Notes From the Trading Desk – Europe: Brexit Special

Franklin Templeton’s Notes from the Trading Desk offers a weekly overview of what our professional traders and analysts are watching in the markets. The European desk is manned by eight professionals based in Edinburgh, Scotland, with an average of 15 years of experience whose job it is to monitor the markets around the world. Their views are theirs alone and are not intended to be construed as investment advice.

Friday, June 24, 2016

In a result that confounded bookmakers’ odds, the United Kingdom voted to leave the European Union (EU) on Thursday (June 23) by 52% to 48%, with a high voter turnout of 71%. The leave campaign won the majority of votes in England and Wales, while London and every Scottish region saw remain majorities. In reality, it was the scale of the vote for leave across England that swung the vote where many traditional Labour voters backed a leave.

On the back of this result, UK Prime Minister David Cameron resigned this morning and will stand down once the Conservative Party appoints a new leader—a process that is likely to take around three months.

The Digest

Predictably, European equity markets opened significantly lower on a huge volume, but markets quickly recovered a little ground. The financial sector—banks and insurers—led markets lower while support for health care and staples seemed to reflect a flight to safety.

That said, it is important to look at these moves in the context of what has happened over the week. Markets had climbed sharply ahead of this vote on the expectation of a remain outcome, so broader markets are essentially back at last week’s lows.

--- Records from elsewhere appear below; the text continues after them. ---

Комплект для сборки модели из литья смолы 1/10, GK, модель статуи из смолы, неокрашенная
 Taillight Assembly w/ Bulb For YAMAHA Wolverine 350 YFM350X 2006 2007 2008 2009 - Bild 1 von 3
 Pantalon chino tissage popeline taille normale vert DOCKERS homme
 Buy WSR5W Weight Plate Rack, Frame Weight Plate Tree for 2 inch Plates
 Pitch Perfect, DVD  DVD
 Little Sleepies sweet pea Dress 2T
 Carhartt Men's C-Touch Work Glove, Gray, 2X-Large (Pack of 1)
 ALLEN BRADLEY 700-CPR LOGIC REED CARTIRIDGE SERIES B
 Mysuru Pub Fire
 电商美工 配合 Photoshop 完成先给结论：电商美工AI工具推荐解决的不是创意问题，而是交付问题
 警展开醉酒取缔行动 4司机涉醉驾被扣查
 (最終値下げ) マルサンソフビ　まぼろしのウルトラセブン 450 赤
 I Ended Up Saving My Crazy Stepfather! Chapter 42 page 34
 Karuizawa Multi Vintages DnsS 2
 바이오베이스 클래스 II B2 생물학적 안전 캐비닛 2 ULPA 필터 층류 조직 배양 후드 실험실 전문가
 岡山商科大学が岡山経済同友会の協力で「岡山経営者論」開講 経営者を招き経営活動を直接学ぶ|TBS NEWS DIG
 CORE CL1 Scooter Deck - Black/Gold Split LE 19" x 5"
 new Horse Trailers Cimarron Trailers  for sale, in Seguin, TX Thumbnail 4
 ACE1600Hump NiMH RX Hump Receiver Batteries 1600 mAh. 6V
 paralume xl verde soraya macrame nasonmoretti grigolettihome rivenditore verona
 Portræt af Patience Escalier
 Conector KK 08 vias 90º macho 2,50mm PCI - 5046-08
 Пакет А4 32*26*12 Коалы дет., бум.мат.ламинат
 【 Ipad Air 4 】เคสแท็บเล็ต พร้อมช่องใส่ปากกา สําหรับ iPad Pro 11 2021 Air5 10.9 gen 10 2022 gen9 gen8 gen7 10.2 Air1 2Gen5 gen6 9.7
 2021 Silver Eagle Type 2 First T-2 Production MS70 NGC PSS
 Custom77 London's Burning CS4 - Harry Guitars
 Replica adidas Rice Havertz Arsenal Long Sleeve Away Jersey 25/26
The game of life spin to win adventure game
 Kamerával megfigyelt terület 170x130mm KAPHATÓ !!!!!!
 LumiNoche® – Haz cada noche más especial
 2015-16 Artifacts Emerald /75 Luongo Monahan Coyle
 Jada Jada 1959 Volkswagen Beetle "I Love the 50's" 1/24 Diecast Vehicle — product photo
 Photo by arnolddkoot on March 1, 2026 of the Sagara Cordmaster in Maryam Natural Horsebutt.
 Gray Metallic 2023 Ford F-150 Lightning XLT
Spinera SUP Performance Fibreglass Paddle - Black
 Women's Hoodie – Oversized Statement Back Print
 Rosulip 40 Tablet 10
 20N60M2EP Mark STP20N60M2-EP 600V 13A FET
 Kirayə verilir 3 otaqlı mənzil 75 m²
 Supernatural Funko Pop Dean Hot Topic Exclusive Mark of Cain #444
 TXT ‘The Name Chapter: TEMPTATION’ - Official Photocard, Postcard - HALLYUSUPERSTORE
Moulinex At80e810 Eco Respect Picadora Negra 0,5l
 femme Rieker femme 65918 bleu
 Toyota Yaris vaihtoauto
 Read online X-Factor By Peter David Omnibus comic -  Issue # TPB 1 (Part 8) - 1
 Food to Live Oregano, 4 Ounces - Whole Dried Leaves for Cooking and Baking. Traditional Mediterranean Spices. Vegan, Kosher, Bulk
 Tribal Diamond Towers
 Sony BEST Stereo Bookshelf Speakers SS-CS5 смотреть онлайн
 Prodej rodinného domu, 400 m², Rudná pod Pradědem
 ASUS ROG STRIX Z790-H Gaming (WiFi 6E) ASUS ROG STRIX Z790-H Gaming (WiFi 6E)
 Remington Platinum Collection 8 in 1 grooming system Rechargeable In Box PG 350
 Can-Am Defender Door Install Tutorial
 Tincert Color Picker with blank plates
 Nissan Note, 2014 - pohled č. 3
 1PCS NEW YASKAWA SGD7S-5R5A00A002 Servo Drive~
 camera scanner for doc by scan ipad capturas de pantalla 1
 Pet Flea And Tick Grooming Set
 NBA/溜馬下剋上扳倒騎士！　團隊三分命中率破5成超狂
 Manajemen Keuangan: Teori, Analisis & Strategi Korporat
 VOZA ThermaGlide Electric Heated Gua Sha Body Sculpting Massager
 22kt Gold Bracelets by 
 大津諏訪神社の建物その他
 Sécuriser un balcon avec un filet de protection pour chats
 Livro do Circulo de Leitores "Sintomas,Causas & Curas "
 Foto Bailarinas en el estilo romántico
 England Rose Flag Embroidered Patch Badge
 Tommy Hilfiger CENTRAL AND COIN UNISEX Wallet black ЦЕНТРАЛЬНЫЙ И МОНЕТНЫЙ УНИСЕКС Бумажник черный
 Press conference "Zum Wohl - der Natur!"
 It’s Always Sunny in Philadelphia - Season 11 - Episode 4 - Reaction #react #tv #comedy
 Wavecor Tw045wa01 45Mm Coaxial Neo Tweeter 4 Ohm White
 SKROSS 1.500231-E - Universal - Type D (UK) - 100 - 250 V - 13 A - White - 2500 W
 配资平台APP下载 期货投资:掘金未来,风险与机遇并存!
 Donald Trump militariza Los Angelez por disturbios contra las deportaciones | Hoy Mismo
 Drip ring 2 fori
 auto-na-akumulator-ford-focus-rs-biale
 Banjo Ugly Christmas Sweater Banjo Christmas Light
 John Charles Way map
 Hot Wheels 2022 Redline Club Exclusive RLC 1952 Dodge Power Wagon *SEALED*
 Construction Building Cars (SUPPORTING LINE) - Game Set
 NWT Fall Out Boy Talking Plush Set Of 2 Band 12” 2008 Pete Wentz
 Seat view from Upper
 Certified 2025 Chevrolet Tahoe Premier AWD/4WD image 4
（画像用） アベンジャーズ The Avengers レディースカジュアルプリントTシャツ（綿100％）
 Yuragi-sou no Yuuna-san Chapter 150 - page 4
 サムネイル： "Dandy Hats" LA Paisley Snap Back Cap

In currency markets, the sterling fell to lows not seen since 1985, trading as low as -11% against the US dollar, when the result first emerged. It has recovered somewhat since then. Meanwhile, traditional safe havens like the Japanese yen and Swiss franc surged higher. The Swiss National Bank (SNB) stated it has intervened to stabilise the Swiss franc. The euro also lost ground over fears of a “domino effect” as other European nations consider their future in the EU.

In bond markets, German Bunds hit all-time lows, whilst the gap for peripheral government bonds has grown wider.

What’s Next? For the United Kingdom to begin the process of leaving the EU its government must trigger Article 50 of the Lisbon Treaty, launching a two-year negotiation period, which can be extended if parties agree. Brexit, therefore, is likely to be a drawn-out process.

It is worth noting that the Brexit vote is not legally binding, so there are a few ways it could theoretically be blocked or overturned. However, we think it extremely unlikely that a government would go against the will of the majority of voters.

We think one difficulty for UK negotiators is that EU leaders may not be in a forgiving mood after a British vote to leave. Many European countries have domestic Eurosceptic movements of their own, and European leaders may be worried that a successful British exit could embolden them. So the EU may refuse to give the United Kingdom a favourable deal as a warning to other countries thinking about exiting the EU.

If the UK—the fifth-largest economy in the world—doesn’t want to remain in the EU, can we expect other member states to start asking questions about their continued membership? People are likely to question whether the EU will be able to continue to exist in its current form.” David Zahn, 24 June 2016.

 

The Ripple Effect

United Kingdom:

  • British Prime Minister David Cameron has already resigned in what will effectively be a “staged exit” with a new prime minister by next October. One candidate to take over the ruling Conservative Party and become the new prime minister is a key figure of the leave campaign, Boris Johnson.
  • Given the demographic split of the EU referendum vote, the prospect of a second referendum in Scotland is now also higher. Additionally, Northern Ireland’s Deputy First Minister Martin McGuinness has called for a poll on a united Ireland, as support for the EU is considerably higher in Northern Ireland than the rest of the United Kingdom.
  • From an economic perspective, it is anticipated that the United Kingdom will likely see a hit to growth in the short- and medium-term, with an increased risk of a technical recession, not helped by the profound uncertainty as to the prospects of this political contagion.

EU Politics and Reaction:

  • A number of European leaders have given statements: The heads of governments and EU institutions are already scheduled to meet early next week to discuss viable options. The president of the EU, Donald Tusk, has already started to propose “a wider reflection on the future of our [European] Union” should take place.
  • Although it seems very unlikely, a conciliatory EU could offer a compromise in exchange for the United Kingdom to hold a second referendum on the issue.

Central Bank Reaction:

A number of global banks sought to calm fears as soon as the result emerged, while the European Central Bank was notably absent from central bank rhetoric.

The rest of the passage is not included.